VertNet / Darwin-Core-Engine

VertNet software
5 stars 0 forks source link

Thesaurus in Fusion Tables #54

Open tucotuco opened 13 years ago

tucotuco commented 13 years ago

Design and implement controlled vocabulary management that can be invoked in a command line switch in the bulkloader. Invoking the switch would do lookups on verbatim values and replace them from the thesaurus with standard values. It might be universal (--lookup-all) or a list of terms to lookup (--lookup cn,g,bor).

One Fusion Table Thesaurus could manage all simple vocabularies. Thoughts on design can be found in [https://github.com/VertNet/Darwin-Core-Engine/wiki/Thesaurus].
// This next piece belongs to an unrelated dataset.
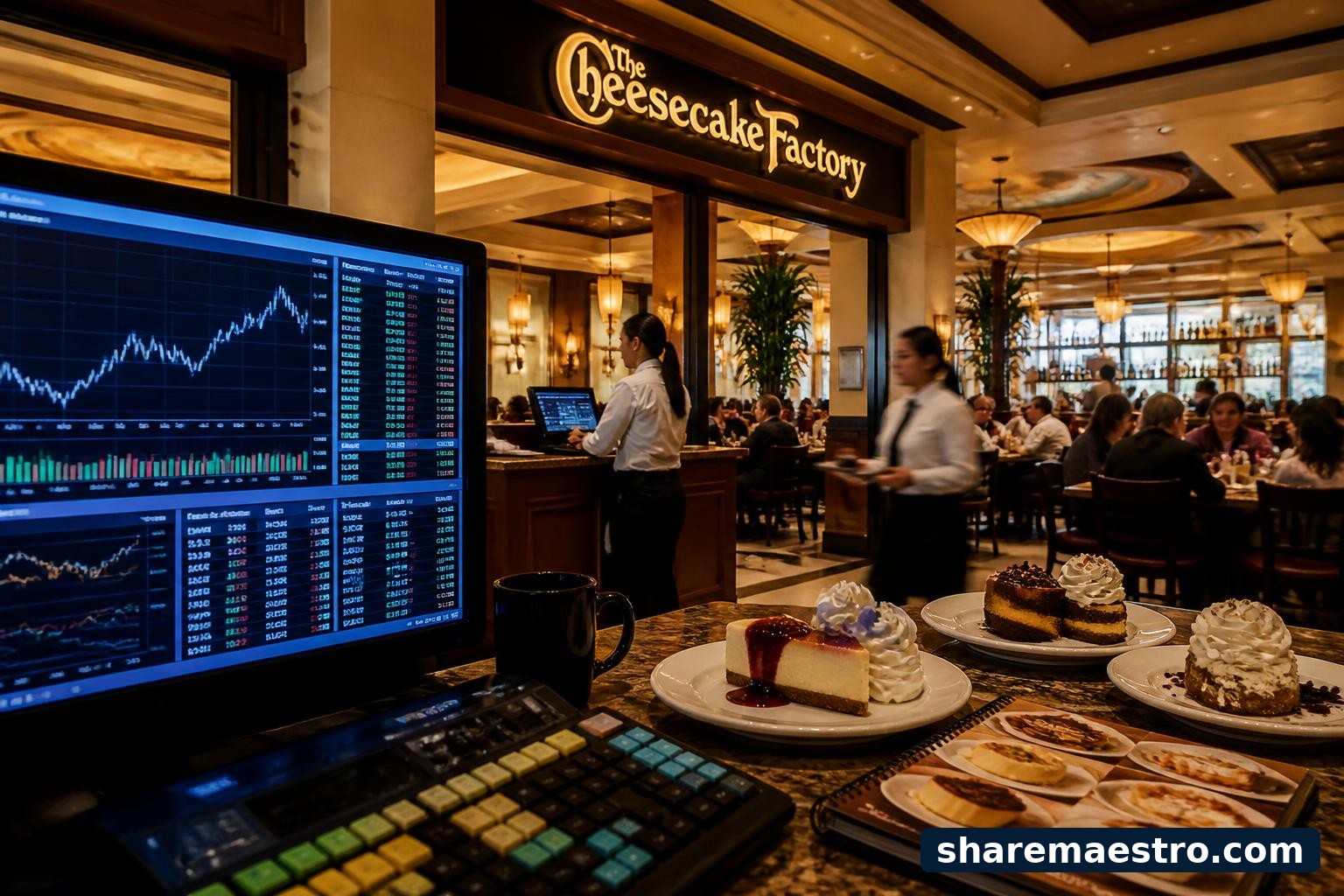The Cheesecake Factory restaurant setting with financial market data context for earnings coverage.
eightysteele commented 13 years ago

Right, so Darwin Core controlled vocabularies (e.g., for country) would be managed in a Fusion Table. Entries for the country vocabulary might look like this:

vocab, name, synonyms
country, China, "china,ch,中国"
country, Argentina, "ar,argentina"
country, United States, "united states,us,united states of america,u.s.a"
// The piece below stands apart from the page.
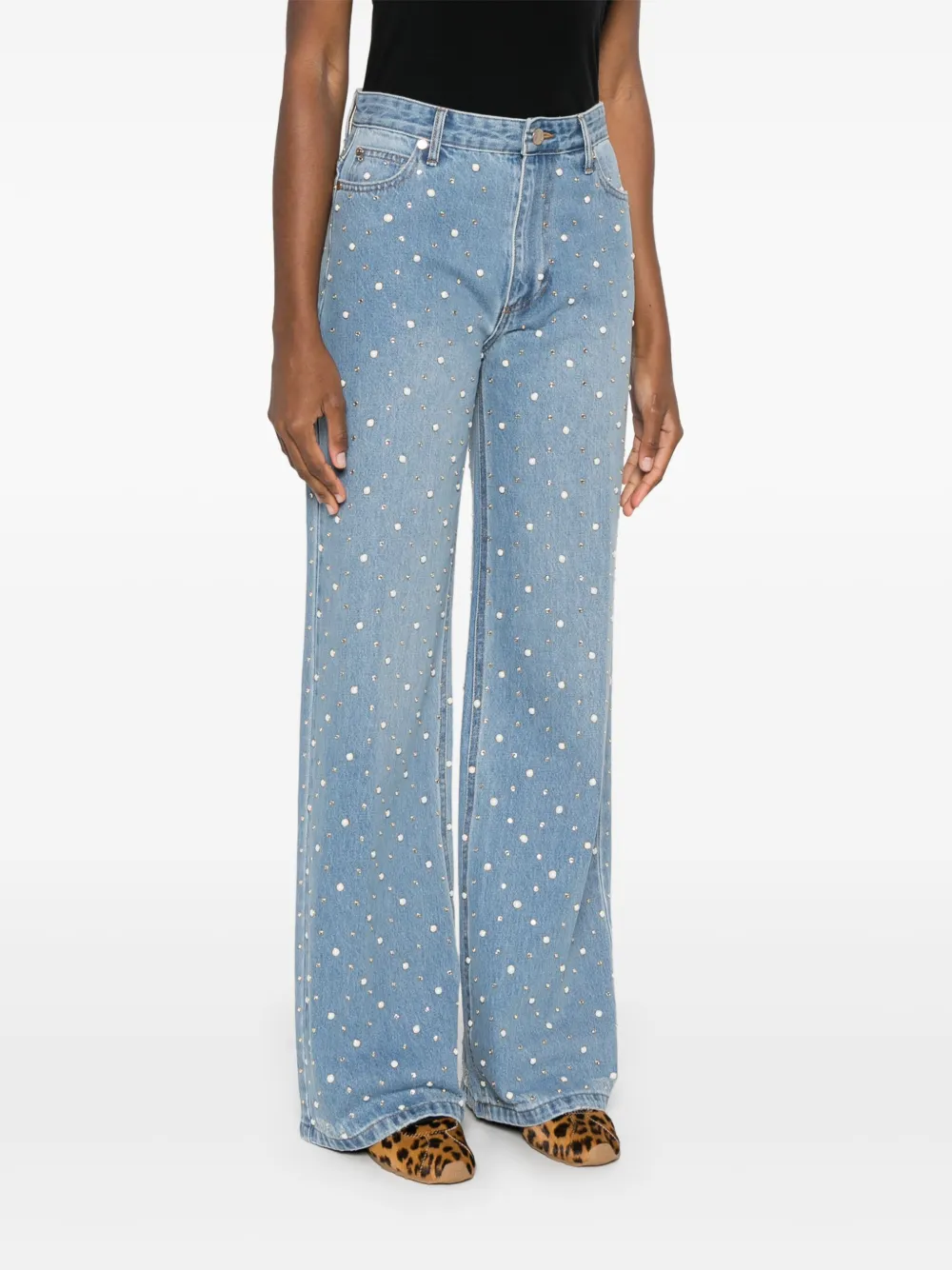 SANDRO Jeans met stras Blauw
Then we load the Fusion Table into our remote App Engine cache with an entry for each synonym with keys like this:

cv-name-synonym

Where the cv means controlled vocabulary, the name is the Darwin Core name, and the synonym is a single synonym. So cache entries for Argentina would be:

cv-country-ar=Argentina
cv-country-argentina=Argentina

The bulkloader would have a local cache, and on a miss would grab it from the remote cache over HTTP. Then we have a public Fusion Table where the bulkloader can push unknown synonyms. For example, if the country field in a record is foo, and it's not found in the remote cache, then the bulkloader would push it to the Fusion Table so that we could review and add more synonyms to the authority. That would be a user opt-in feature probably.